Für die Anbieter ist dies eine unbequeme Wahrheit. Die meisten von ihnen sind nämlich nicht konkurrenzlos gut. Vor allem, weil viele Kunden bereit sind, etwas schlechtere Qualität in Kauf zu nehmen, wenn das Produkt dafür gratis ist. Das Technologiemagazin Wired hat diese Entwicklung treffend mit «the good-enough revolution» umschrieben. Die Anbieter werden sich die Köpfe zerbrechen müssen, wollen sie überleben. Sie werden scheitern, wenn sie Geld verlangen für ein Angebot, das es anderswo gratis gibt. Der Konkurrenzdruck ist so gross, dass am Horizont immer das Preisschild «gratis» winkt. Wer heute konkurrenzlos gut ist, hat morgen vielleicht schon einen attraktiven, kostenlosen Nebenbuhler.

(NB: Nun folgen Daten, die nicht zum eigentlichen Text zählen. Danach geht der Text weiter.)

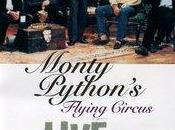 #2,081. Monty Python Live Aspen (1998)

Für den Konsumenten ist es grossartig. Alles ist entweder rasend gut oder kostenlos. Oder sogar beides zusammen, weil der Anbieter ein Modell gefunden hat, das ihm erlaubt die grosse Masse gratis zu bedienen und trotzdem Geld zu verdienen. Beispielsweise mit einem Freemium-Modell, der Kombination von free und premium, bei der nur bestimmte Dienstleistungen und Funktionen kosten und das Grundangebot gratis bleibt.
Ändern wird sich die Art und Weise, wie wir im Internet bezahlen. Viele Transaktionen scheitern heute nicht deshalb, weil das Produkt etwas kostet, sondern weil die Bezahlung zu mühsam ist. Aus dem spontanen Kaufinteresse wird dann ein Kauf, wenn mit einem Klick alles abgewickelt ist. An den Orten, wo viele Leute regelmässig einkaufen, bei Amazon etwa oder bei iTunes, hat sich das Prinzip längst durchgesetzt. Sobald sich dieses Modell im ganzen Netz ausbreitet, wird sich zeigen, dass die Zahlungsbereitschaft der Nutzer deutlich höher ist, als man bislang angenommen hat. Immer vorausgesetzt, das Produkt ist wirklich gut. Diese 1-Klick-Kassen werden jene Dienste anbieten, die bereits heute über eine riesige Nutzerbasis verfügen. Google, Facebook, Apple, vielleicht auch Mozilla über den Firefox-Browser oder klassische Kreditkartenunternehmen. Der Kunde lädt sein Nutzerkonto bei einem der Dienste auf und kann auf jeder Website mit einem Klick bezahlen.
Kurzum: Das Bezahlen wird bequemer, wir Konsumenten werden aber auf nichts verzichten müssen, was bisher kostenlos war. Wenn wir in Zukunft im Internet mehr Geld ausgeben, dann nur deshalb, weil uns mehr geboten wird, wofür es sich lohnt, zu bezahlen.